McMACKON: Well, we also know that she is one of a bazillion female writers of importance. The Waves in my opinion is theatrical. It is written in a series of inner monologues set against descriptions of a rising and setting sun over the sea. So time and space are inherent in the structure of her world. The characters are finely drawn and she tells us a great deal about who they are and what their journeys are. The novel and Woolf's writing is often thought of as impenetrable, but she writes as we think with the everyday and the profound commingling all over the place. She draws our attention to that and from a literary point of view forged a new form to explore that. Kind of like what we do theatrically.
The novel has been distilled down to its bare essentials and to what has been profound for us. The image of one final reunion dinner. Characters that are defined as types or archetypes rather than with formal names. Bernard becomes The Late Man, Rhoda becomes The Woman with Stones in her Pocket. We do not follow the narrative of the novel but rather have used it as a road map to explore the relationships between these characters through the lens of this dinner. So there are multiple time shifts, memories, reveries…as they share bread and soup.
The focus is also on that collision point between language and the physical. So, language from the novel has been fragmented and used by the artists in ways they need to to communicate their tales.
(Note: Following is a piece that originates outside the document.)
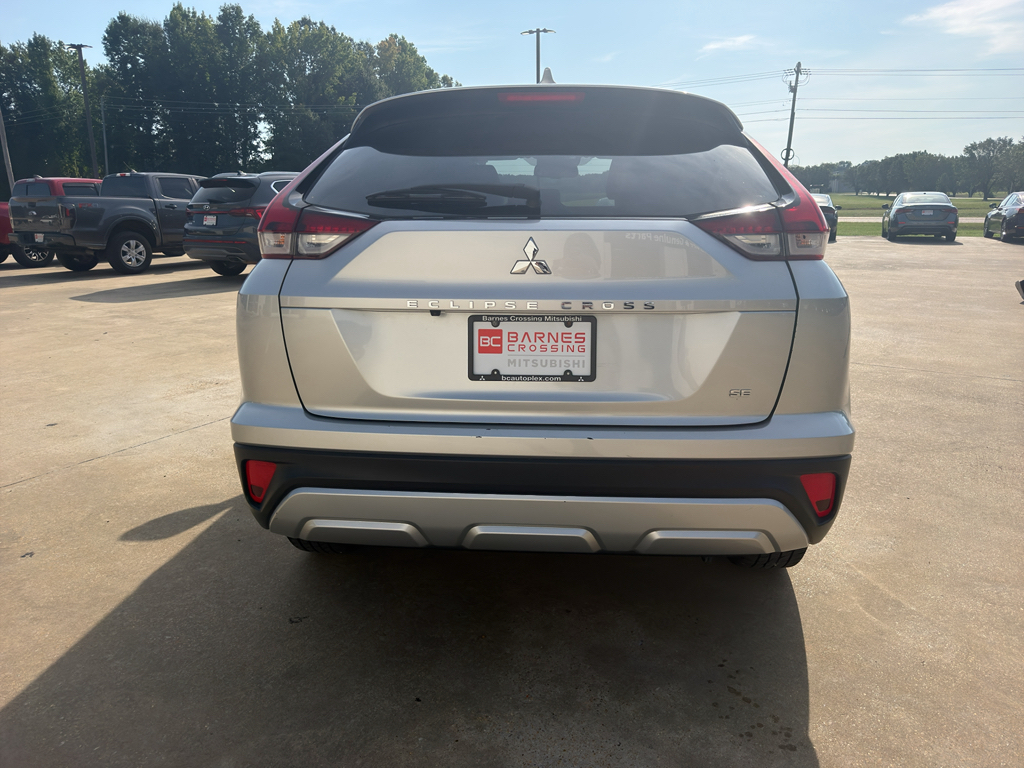 Used 2024 Alloy Silver Metallic Mitsubishi SE image 13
We are looking at the seed of the novel or really using it as a theatrical springboard rather than trying to 'do the novel'. Ours is a different piece…about a simple dinner, about memory, about loneliness and desire. All of the larger themes Woolf attacks are held within our work, but we have been a little more narrow.
physical or movement theatre, 'devised theatre' is very de rigeur at the moment
CHARPO: Are other companies doing the kind of work you are doing - and if so what sets you apart or what is the commonality?
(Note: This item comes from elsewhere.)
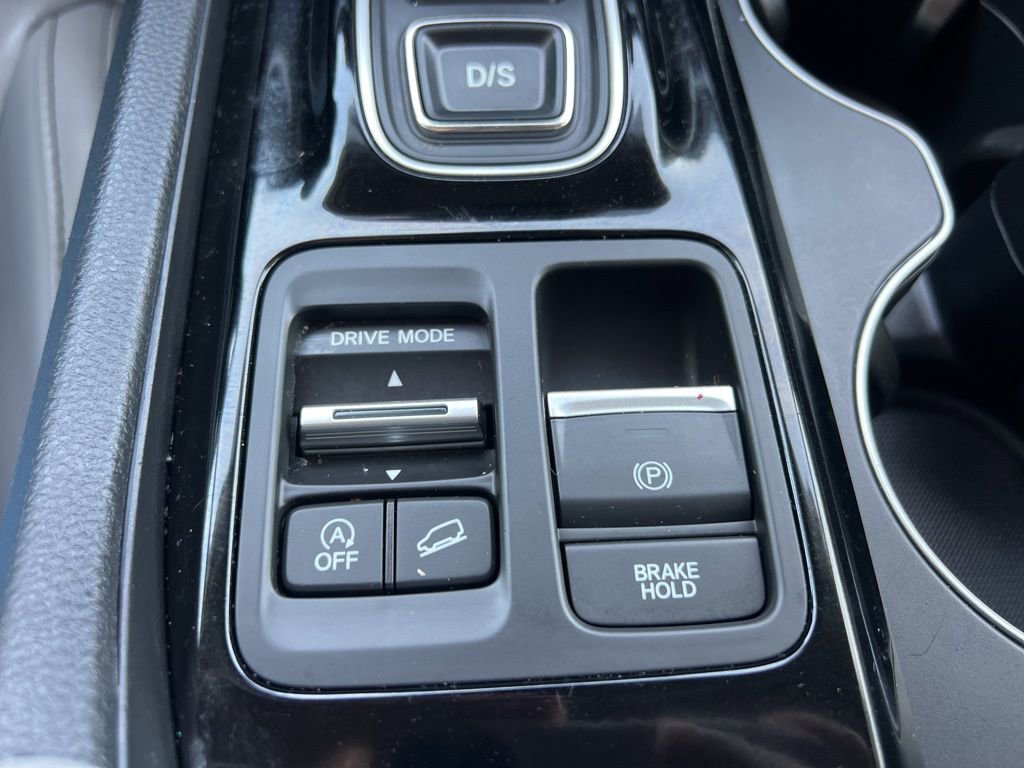 Used 2025 Honda Pilot EX-L image 29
McMACKON: Well physical or movement theatre, 'devised theatre' is very de rigeur at the moment. There are companies who integrate a lot more technology or work as collectives. I think what sets us apart is our process (Viewpoints, and Suzuki are the very current ways people get into the work…ours was originally inspired by Grotowski based work but has since evolved into our own process). Our work focuses on the human and emotional responses from and with the audience. Ours is not didactic theatre or political. Ours is personal and hopefully universal. We have a core that has been together since 1998 and new artists come and go. We have a fluidity of language that is common in all our work and we all believe in our dreams and realities, in bringing the inner out within the held moments within a theatre.
CHARPO: I tend to believe that what speaks to people in song and movement/dance is that there is something quite basic in each of us - a rhythm if you will - that leads us to hum to a song or move about the house with grace we don't know we have even when we're vacuuming. Is it this you are reaching with this fusion of theatre/word/movement or have you parsed the attraction to your work in another way?
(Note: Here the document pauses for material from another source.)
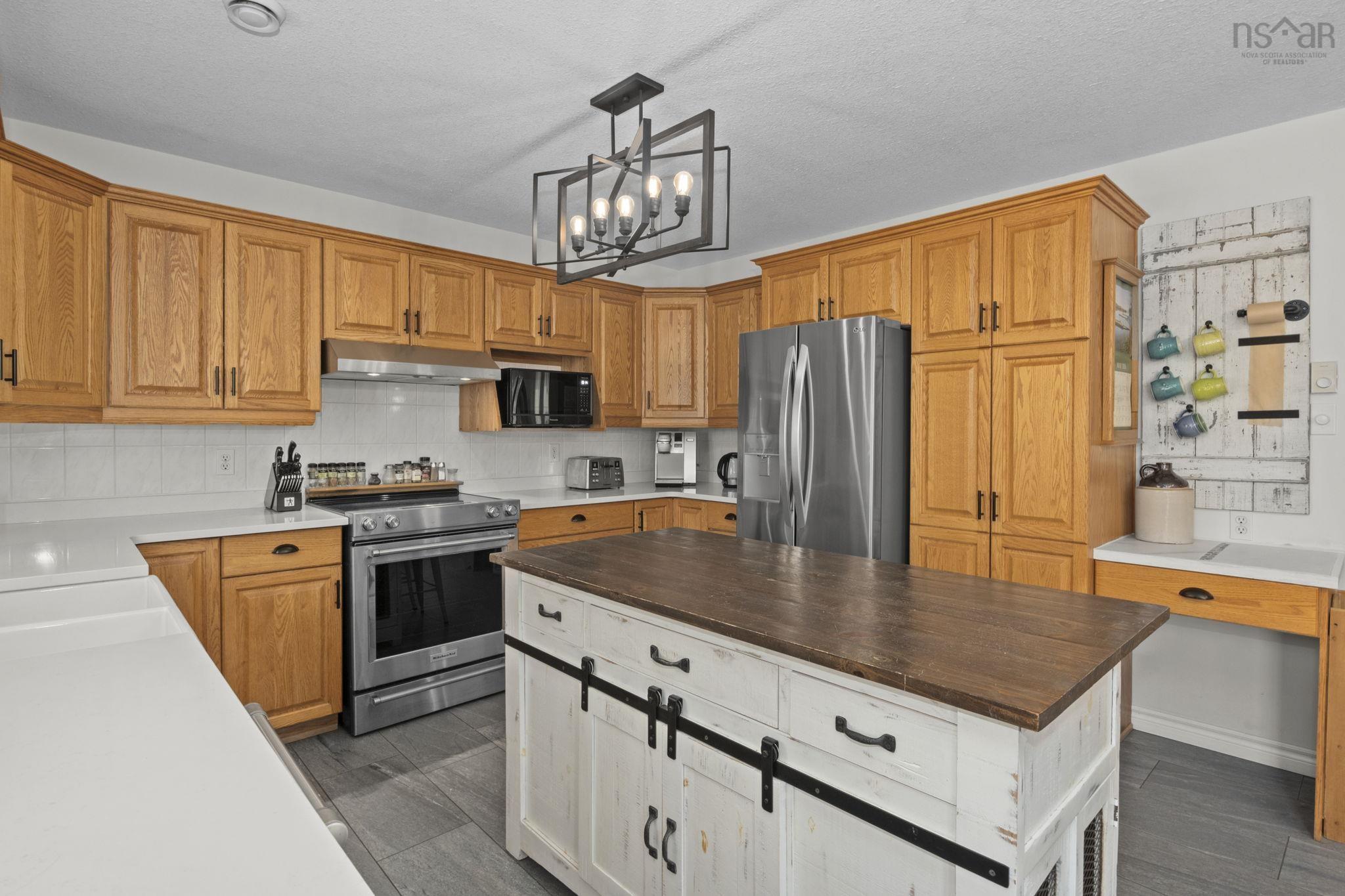 $549,000.00: 101 Rivercrest Lane, Greenwood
McMACKON: Perhaps. I hadn't thought about that. It goes back to the misconceptions about movement and dance and singing. We all move, hum, have a heartbeat rhythm, inner songs and dialogues.
CHARPO: Finally, what in this piece has prompted you to keep it alive and to bring it back?
McMACKON: Our last show in 2011, Peter and the Wolf was massive. 18 performers including a chamber orchestra. I wanted to do something smaller and I also feel very strongly about the need to revisit work, otherwise the work is created and then sits and dies. I am lucky this year to be able to reinvestigate this show at the same time that I am reinvestigating The Stronger Variations with students at York University. It pushes me as an artist and helps me look at the work in general with new and fresh eyes.